The Bible never mentions the date of his birth, focussing more on the importance of his death. Although it does leave a few clues: we’re told that on the night the shepherds were “keeping watch over their flock by night” (Luke 2:8). This suggests that the date falls during the period of lambing when the flocks were kept in the fields, usually between spring and autumn. But certainly not mid-winter.
Perhaps it is significant as to when Jesus’ birthday was ‘decided’. The leaders of the Church chose the date of December 25th in the early fourth century, and the first Feast of the Nativity was held in Rome in 336AD. The Church at this time was one with the Roman state and Emperor. Constantine legalised Christianity in 313, making it the religion of the state in 324 after defeating Licinius. The Church became a political outfit backed by the Imperial patron. Before this time the date of Jesus Christ’s birth had never been of importance to the average Christian, who worshiped in secret in Church-houses.
Almost half a century before the legalisation of Christianity, Roman Emperor Aurelian inaugurated Dies Natalis Solis Invicti, “the birthday of the unconquered sun” in reverence of the sun god Sol. Naturally, the date of the celebration fell around the time of the winter solstice when the days were about to get longer again. Sol (and other solar deities, including the Persian god Mithras) celebrated birthdays on the 25th December.
This is hardly a coincidence; the Church leaders under Constantine thought long and hard about connecting Jesus’ birth with a well-established Pagan festival.
The reason appears quite simple. Christianity, already fast becoming the majority religion of the Roman Empire, could convert Pagans if their winter solstice festival became a celebration of Jesus’ birth instead. Christ was already being described as the light of the world by then anyway – it seemed a natural step. Of course, Christianity didn’t only adapt Dies Natalis Solis Invicti – Yule was a Pagan festival from Scandinavia in late December in honour of Thor, and this too was incorporated. Yule logs are still seen at Christmas time today.
It may seem ironic that Christmas is an amalgamation of Pagan festivals, though the evidence is strong.

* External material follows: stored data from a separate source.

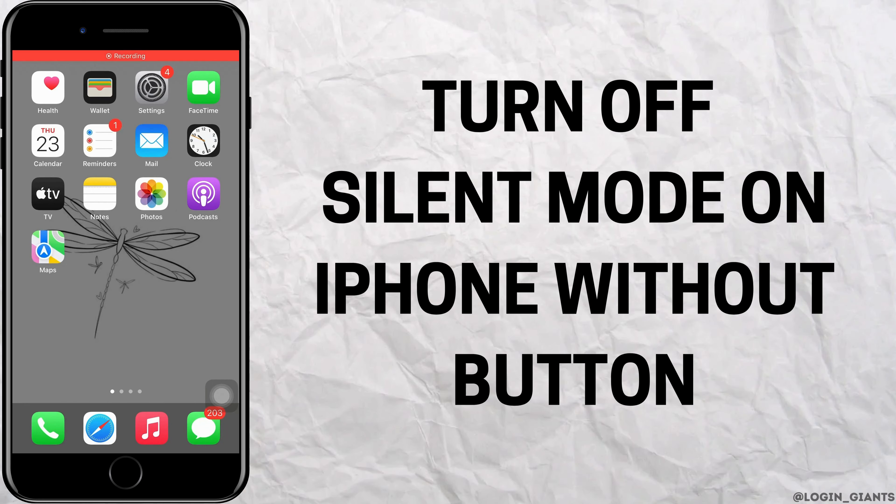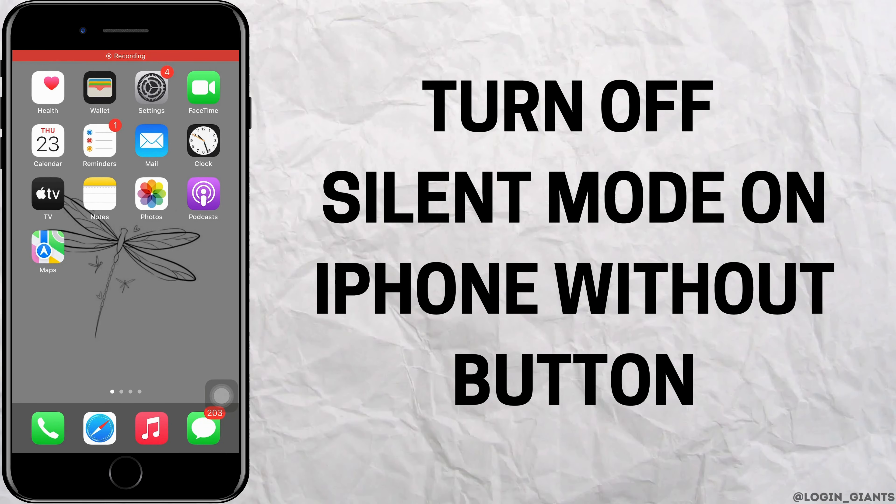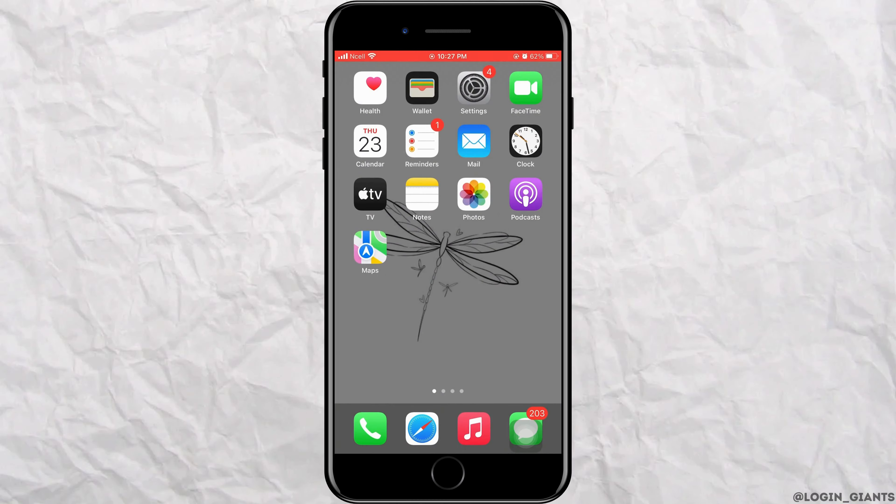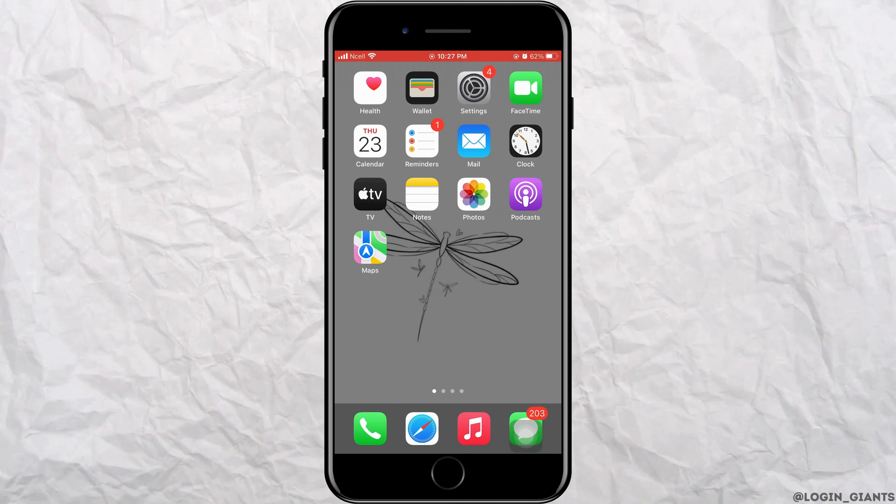How to turn off silent mode on iPhone without button. Let's jump right into the steps.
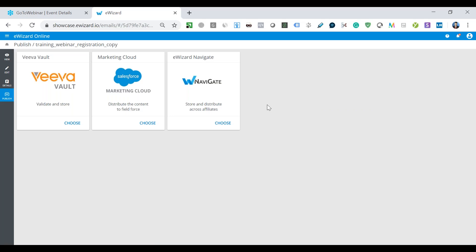I think at this point, that's it. What we wanted to share with you in terms of eWizard and email template module. Thank you very much for your attention. Thank you very much for your time. In case if you have any questions, we'll be happy to answer them. Send us an email. We'll be happy to arrange a demo with you and go into details of this platform. Thank you for your attention and have a great day.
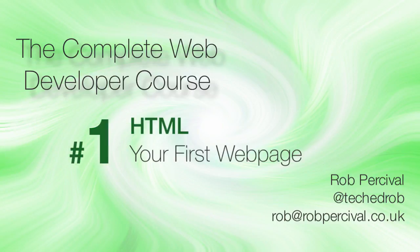Congratulations! You've made it to the end of the HTML section of the course. That's fantastic. Here we're going to look at the project for this part of the course.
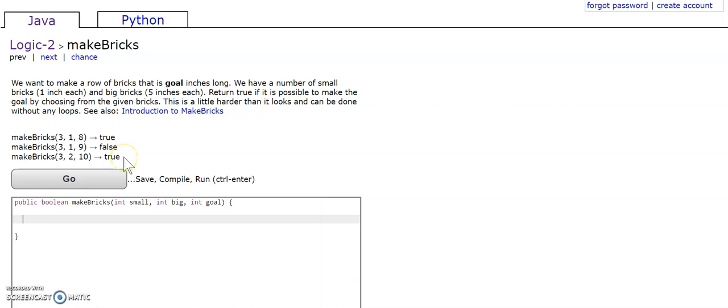For our third one, it is true because when our goal is 10, and when we have 2 big bricks, 2 big bricks equals 10 inches, so that's exactly our goal, and it returns true.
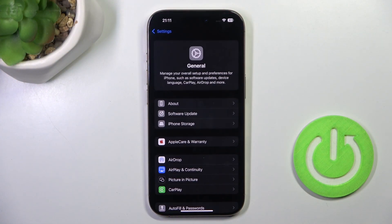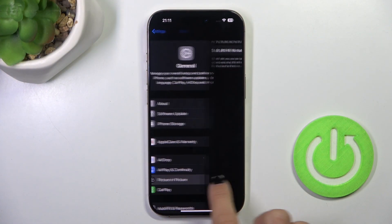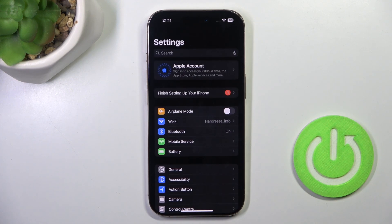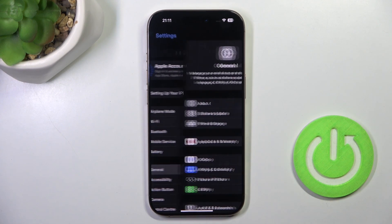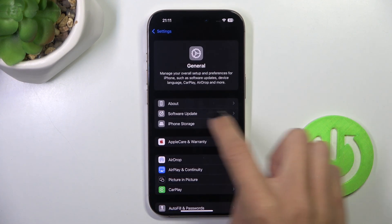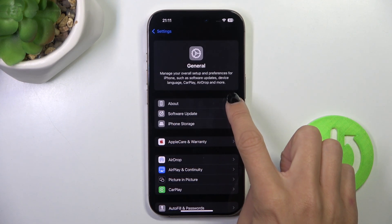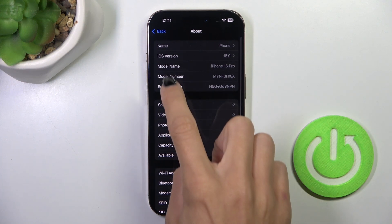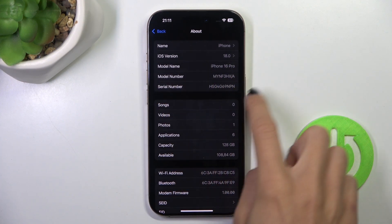First of all, open the settings. Then from settings list select general and once you are here, tap the top icon which is about. And now right here you've got your model number.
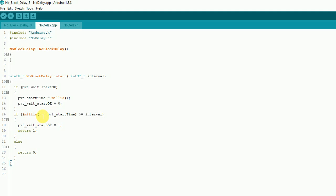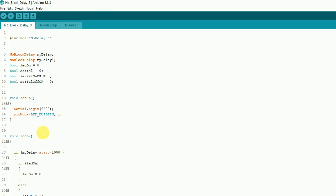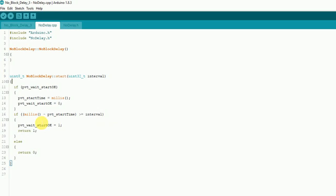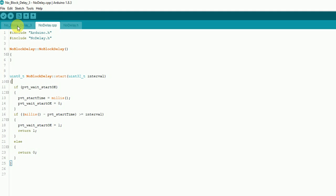It's going to keep looping through, and then it's going to check if millis() minus the start time is greater than or equal to the interval. In this example we're sending 1000 milliseconds. When it gets there it's going to say go ahead and turn it on — we won't reset it yet so it can reset itself. If you just return, it's going to leave and not reset. So it sets pvt_ok back to one so we can go back through next time, and returns one. Otherwise it just keeps returning zero.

The Catholic Encyclopaedia of 1908 noted that the Sol Invictus festival has a “strong claim on the responsibility” for the date of Christ’s birth. Indeed, Jehovah’s Witness’s don’t celebrate Christmas at all for that reason.
But whatever its roots, Christmas is still a time for giving, for family, for love and peace. If anything, it only makes it more interesting to think that over 1700 years ago there were similar celebrations concerning the birth of Pagan sun gods.